▶ **WHAT IS NEEDED**: Needed from the data below: every line from the one with "تصميم ارضية منحوتة بالرخام في الامارات" up to and including the one with "ماشین شارژی و", repeated exactly and with nothing else.

▶ **ENTRIES SUPPLIED**:
·····

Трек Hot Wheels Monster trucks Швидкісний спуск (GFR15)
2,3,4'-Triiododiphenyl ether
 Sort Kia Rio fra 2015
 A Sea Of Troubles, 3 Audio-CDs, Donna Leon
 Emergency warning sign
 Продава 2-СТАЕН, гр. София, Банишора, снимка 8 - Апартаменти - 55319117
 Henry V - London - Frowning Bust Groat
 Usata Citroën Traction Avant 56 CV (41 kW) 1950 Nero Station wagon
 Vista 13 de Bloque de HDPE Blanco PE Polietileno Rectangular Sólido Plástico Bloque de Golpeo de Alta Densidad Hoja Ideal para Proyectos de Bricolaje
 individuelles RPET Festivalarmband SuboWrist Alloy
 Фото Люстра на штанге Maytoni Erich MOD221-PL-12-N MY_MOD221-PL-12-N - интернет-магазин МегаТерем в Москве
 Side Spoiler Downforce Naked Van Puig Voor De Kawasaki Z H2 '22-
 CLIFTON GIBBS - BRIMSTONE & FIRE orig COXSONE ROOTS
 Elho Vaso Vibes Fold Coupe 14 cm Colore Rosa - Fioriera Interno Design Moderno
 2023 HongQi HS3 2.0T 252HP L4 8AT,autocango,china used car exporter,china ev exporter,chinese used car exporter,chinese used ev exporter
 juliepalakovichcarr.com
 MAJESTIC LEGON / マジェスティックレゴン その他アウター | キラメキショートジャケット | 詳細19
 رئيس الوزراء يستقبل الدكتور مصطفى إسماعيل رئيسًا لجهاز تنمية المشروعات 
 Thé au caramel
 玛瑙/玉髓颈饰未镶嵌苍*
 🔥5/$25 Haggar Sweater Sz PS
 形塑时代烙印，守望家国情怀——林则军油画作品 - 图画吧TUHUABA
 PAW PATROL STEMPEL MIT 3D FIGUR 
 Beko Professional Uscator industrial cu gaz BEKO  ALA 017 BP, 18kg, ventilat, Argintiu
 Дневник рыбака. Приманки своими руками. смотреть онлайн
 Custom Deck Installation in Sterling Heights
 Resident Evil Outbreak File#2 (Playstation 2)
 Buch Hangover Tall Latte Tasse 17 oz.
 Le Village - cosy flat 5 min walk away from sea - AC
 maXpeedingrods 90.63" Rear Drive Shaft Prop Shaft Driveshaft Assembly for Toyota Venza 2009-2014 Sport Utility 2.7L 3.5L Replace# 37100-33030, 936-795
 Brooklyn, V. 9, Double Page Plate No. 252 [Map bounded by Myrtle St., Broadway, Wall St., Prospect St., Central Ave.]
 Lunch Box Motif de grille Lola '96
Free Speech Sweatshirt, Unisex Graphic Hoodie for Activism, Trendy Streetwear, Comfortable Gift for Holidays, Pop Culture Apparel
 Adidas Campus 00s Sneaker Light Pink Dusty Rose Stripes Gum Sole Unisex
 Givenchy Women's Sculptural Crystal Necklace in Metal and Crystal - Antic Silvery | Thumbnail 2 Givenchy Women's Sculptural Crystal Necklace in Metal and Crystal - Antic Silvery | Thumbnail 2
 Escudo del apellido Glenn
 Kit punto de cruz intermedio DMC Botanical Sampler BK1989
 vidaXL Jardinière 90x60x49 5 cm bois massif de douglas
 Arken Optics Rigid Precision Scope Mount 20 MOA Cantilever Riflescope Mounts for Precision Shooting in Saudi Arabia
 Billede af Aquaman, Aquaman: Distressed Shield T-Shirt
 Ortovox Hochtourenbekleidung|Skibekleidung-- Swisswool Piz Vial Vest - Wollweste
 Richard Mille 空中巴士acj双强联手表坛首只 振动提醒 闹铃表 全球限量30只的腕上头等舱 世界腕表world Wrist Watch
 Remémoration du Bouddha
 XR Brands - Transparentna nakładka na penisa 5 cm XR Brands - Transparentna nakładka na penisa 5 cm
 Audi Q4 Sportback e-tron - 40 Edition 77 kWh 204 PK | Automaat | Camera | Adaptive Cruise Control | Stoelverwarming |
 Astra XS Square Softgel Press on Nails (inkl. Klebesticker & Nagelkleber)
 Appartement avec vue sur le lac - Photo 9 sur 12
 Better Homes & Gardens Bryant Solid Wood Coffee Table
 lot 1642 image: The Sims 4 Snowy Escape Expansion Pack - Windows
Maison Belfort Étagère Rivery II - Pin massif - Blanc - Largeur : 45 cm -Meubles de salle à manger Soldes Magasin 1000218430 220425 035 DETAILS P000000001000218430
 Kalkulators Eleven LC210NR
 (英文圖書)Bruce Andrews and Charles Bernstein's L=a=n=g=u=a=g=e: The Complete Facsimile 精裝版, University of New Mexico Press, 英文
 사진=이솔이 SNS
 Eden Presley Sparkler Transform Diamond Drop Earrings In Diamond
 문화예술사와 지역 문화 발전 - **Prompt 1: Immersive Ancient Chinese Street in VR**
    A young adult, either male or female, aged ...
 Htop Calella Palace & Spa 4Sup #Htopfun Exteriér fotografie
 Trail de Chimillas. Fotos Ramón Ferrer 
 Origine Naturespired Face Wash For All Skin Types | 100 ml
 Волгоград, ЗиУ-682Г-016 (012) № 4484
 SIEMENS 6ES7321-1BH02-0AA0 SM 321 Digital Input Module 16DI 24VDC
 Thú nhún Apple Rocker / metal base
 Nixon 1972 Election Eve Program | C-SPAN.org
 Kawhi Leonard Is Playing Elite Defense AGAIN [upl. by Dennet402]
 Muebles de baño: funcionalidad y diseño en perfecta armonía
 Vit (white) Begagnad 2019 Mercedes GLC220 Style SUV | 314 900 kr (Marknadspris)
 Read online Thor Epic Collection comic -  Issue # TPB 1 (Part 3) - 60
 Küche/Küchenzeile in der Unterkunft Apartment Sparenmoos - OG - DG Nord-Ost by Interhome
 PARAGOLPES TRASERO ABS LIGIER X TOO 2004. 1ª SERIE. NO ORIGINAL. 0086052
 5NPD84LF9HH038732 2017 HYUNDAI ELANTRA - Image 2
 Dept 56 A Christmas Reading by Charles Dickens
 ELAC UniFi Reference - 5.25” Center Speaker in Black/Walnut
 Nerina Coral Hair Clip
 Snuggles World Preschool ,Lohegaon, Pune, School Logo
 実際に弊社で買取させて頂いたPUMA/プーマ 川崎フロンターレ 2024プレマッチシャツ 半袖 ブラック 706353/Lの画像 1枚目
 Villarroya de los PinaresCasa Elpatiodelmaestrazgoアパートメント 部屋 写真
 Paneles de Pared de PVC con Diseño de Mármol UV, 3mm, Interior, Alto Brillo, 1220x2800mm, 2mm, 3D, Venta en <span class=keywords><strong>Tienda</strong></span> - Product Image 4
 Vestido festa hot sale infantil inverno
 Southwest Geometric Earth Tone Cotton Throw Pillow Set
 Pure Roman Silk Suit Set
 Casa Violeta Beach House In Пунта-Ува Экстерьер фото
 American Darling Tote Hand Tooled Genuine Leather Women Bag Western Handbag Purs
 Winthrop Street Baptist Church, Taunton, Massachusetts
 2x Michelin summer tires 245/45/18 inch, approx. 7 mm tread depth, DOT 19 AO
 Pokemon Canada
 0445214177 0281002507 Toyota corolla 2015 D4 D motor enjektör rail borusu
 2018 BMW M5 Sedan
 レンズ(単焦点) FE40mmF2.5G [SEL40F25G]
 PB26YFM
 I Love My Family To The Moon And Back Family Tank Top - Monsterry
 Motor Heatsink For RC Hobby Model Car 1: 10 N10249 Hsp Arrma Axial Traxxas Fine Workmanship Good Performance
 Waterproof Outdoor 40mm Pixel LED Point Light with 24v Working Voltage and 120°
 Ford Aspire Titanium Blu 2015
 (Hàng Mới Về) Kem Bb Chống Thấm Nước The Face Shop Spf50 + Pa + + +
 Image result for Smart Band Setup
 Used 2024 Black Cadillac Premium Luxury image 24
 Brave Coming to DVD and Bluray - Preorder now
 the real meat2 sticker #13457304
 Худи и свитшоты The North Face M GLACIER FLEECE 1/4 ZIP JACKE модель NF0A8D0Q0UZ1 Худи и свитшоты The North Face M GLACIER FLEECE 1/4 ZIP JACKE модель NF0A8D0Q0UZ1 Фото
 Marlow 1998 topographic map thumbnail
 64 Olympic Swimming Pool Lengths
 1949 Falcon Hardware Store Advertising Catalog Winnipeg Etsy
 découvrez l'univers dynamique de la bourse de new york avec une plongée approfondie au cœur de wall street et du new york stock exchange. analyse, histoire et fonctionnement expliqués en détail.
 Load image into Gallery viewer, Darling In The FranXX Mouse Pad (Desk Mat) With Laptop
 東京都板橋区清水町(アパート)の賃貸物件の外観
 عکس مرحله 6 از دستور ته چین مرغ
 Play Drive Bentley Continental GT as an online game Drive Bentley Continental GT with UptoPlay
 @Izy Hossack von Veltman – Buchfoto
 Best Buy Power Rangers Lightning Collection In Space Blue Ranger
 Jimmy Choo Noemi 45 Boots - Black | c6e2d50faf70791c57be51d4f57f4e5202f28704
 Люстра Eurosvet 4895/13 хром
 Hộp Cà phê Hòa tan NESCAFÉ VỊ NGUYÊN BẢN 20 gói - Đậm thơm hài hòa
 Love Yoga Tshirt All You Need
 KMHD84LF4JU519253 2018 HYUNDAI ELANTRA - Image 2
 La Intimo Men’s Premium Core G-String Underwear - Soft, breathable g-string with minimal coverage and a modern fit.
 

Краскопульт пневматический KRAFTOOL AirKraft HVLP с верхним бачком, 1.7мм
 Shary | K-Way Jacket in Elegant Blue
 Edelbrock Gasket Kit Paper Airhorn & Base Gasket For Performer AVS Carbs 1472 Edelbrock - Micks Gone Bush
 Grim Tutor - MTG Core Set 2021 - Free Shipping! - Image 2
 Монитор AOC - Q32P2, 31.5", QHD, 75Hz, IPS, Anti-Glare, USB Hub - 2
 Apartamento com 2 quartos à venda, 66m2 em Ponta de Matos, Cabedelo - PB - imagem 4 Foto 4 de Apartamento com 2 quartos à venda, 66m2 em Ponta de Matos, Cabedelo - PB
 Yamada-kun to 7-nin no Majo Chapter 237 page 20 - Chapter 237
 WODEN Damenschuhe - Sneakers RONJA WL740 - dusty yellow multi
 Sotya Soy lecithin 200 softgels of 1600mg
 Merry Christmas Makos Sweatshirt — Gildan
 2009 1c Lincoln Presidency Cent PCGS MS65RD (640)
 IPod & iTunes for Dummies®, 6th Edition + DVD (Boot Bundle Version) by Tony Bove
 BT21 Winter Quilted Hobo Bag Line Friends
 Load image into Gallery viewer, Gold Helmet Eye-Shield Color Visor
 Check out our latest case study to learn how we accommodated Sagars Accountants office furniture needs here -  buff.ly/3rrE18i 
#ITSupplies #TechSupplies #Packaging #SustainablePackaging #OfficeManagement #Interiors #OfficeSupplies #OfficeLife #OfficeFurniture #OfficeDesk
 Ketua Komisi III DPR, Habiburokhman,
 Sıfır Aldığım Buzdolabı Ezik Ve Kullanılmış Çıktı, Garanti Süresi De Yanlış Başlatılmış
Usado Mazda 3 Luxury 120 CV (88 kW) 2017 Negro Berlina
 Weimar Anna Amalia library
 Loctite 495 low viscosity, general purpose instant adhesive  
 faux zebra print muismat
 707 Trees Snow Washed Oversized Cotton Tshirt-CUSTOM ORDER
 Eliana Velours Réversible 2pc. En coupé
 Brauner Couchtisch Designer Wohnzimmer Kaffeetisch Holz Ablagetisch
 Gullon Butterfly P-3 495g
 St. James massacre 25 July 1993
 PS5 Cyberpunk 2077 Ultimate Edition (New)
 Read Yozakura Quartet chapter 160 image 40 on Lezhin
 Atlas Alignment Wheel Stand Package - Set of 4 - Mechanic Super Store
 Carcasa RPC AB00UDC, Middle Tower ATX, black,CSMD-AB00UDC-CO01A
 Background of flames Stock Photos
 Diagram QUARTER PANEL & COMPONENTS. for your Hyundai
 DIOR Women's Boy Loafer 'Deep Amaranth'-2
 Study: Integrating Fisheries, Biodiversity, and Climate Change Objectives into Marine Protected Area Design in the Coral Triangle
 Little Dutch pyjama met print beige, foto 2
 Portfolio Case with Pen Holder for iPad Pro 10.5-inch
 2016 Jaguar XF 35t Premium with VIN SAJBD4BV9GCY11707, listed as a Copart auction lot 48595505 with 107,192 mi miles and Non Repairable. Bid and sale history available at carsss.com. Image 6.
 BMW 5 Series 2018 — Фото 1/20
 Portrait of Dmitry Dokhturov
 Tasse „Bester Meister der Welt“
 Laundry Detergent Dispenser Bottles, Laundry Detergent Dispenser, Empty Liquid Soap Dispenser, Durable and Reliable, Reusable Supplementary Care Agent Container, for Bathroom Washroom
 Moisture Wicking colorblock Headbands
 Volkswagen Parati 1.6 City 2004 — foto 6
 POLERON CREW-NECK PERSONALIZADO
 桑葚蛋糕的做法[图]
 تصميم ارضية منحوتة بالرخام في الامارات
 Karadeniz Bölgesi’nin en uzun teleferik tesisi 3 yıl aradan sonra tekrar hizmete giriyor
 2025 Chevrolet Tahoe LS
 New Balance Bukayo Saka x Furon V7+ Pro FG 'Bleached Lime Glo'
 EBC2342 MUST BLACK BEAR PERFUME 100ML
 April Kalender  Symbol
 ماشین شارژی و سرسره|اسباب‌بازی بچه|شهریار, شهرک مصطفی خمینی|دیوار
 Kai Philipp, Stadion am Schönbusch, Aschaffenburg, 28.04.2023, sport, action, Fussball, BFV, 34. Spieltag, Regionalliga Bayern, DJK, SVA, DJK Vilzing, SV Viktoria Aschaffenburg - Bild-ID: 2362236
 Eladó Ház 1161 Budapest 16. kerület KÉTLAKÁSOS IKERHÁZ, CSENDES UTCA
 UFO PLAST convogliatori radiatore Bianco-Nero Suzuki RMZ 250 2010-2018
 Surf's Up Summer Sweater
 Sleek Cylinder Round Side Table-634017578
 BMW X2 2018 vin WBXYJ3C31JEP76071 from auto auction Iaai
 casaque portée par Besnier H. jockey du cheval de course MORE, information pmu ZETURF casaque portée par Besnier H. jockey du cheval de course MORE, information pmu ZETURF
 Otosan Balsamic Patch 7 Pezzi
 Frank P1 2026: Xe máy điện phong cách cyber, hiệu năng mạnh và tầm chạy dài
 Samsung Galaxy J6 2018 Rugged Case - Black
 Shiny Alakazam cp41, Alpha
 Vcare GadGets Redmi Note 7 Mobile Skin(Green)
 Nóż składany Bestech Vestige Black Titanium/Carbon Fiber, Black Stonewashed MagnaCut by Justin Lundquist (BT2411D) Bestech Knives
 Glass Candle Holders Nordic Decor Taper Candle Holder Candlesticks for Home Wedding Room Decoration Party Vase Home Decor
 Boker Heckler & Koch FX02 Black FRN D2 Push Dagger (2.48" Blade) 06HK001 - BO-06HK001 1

·····

▶ **ANSWER SECTION**:
 تصميم ارضية منحوتة بالرخام في الامارات
 Karadeniz Bölgesi’nin en uzun teleferik tesisi 3 yıl aradan sonra tekrar hizmete giriyor
 2025 Chevrolet Tahoe LS
 New Balance Bukayo Saka x Furon V7+ Pro FG 'Bleached Lime Glo'
 EBC2342 MUST BLACK BEAR PERFUME 100ML
 April Kalender  Symbol
 ماشین شارژی و سرسره|اسباب‌بازی بچه|شهریار, شهرک مصطفی خمینی|دیوار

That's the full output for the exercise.